*Task description*
Look at each line of the listing. Copy those that hold the string "Used".

--- --- ---

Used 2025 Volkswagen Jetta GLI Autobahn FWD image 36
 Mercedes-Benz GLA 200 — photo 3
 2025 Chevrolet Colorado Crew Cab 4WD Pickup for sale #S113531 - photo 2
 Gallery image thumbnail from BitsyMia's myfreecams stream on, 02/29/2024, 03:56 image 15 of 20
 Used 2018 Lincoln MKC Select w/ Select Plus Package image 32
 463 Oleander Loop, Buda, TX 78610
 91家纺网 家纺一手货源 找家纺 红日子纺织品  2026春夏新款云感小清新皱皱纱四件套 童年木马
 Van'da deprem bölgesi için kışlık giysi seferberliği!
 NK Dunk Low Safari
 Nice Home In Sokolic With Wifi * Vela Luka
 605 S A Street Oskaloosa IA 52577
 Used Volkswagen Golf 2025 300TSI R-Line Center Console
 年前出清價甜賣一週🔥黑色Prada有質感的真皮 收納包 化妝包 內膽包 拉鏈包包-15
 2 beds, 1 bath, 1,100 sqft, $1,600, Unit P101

--- --- ---

*Answer to the exercise*
Used 2025 Volkswagen Jetta GLI Autobahn FWD image 36
 Used 2018 Lincoln MKC Select w/ Select Plus Package image 32
 Used Volkswagen Golf 2025 300TSI R-Line Center Console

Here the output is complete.